DATASET SECTION —
.....
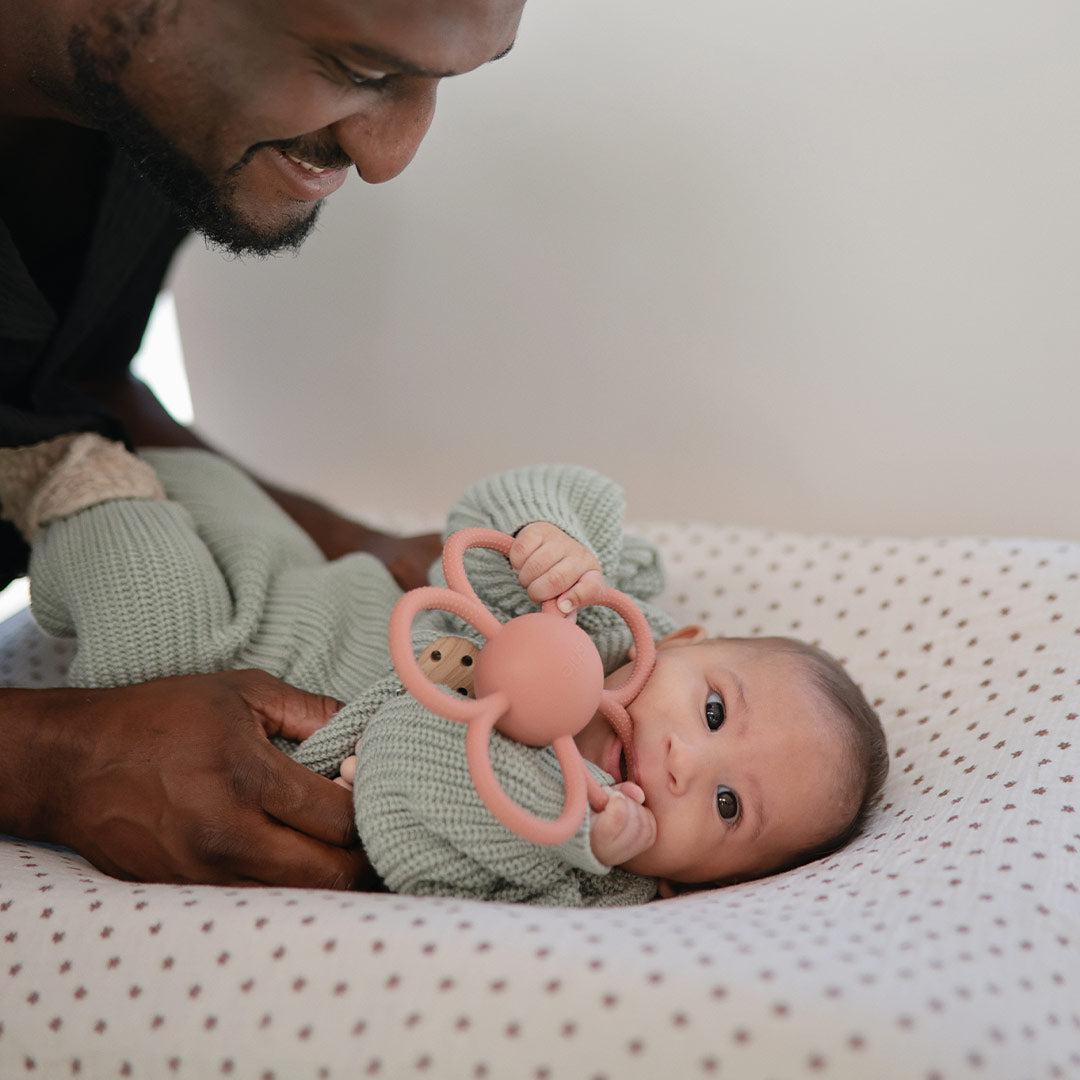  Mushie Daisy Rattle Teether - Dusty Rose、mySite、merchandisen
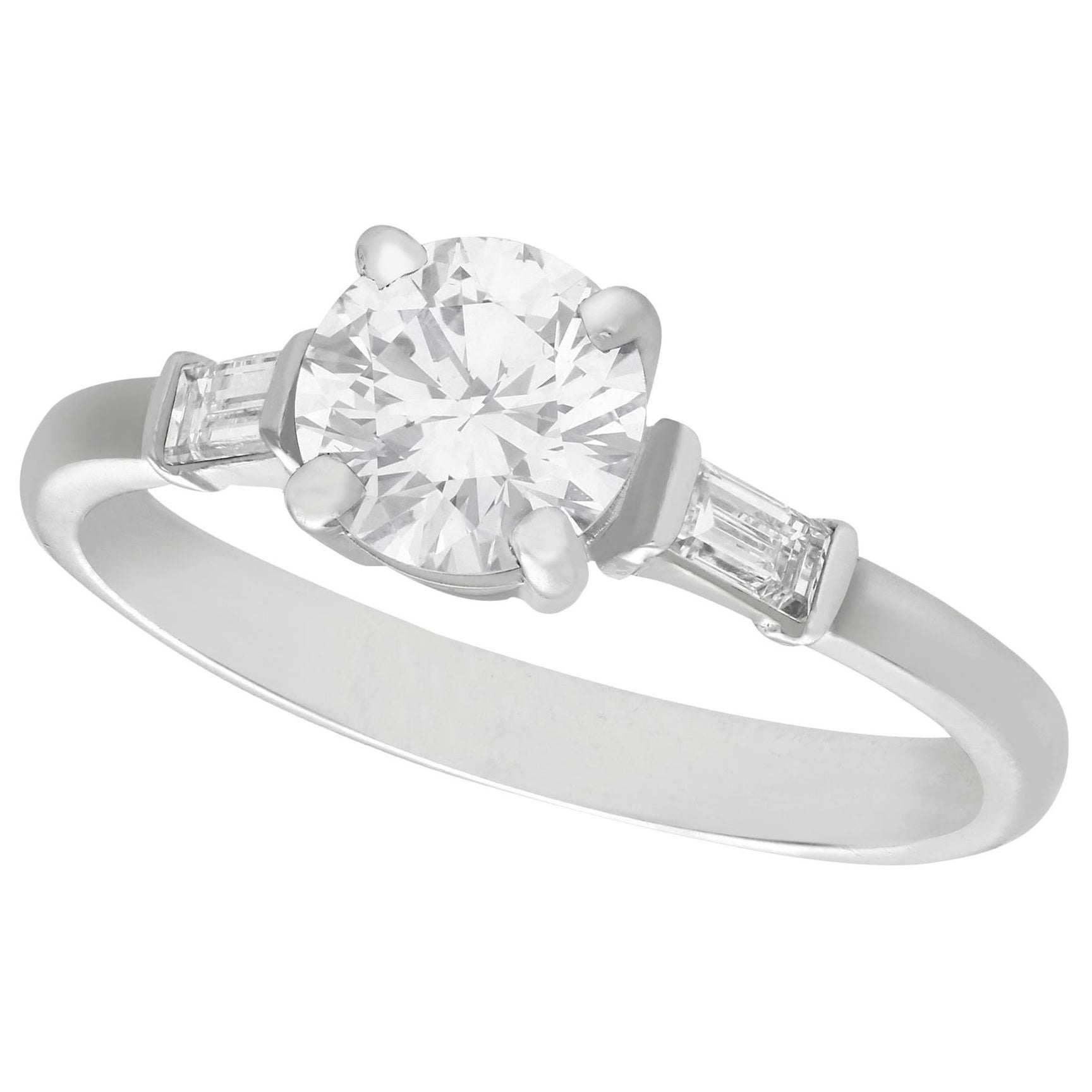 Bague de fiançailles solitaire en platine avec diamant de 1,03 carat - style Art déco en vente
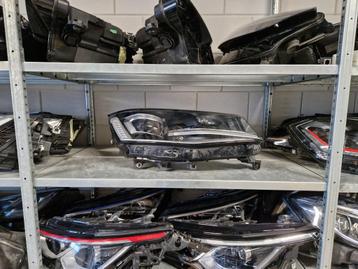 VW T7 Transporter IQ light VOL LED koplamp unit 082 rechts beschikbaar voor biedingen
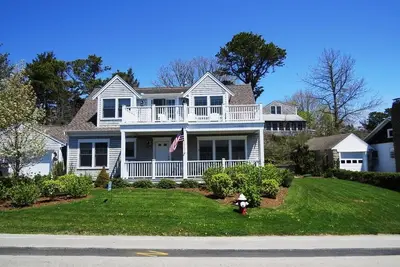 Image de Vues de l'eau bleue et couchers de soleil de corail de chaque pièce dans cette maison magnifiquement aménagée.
.....
YOUR OBJECTIVE —
Exactly as written, return every line of the listing, but not the pictures.

ANSWER AREA —
  Mushie Daisy Rattle Teether - Dusty Rose、mySite、merchandisen
 Bague de fiançailles solitaire en platine avec diamant de 1,03 carat - style Art déco en vente
 VW T7 Transporter IQ light VOL LED koplamp unit 082 rechts beschikbaar voor biedingen
 Image de Vues de l'eau bleue et couchers de soleil de corail de chaque pièce dans cette maison magnifiquement aménagée.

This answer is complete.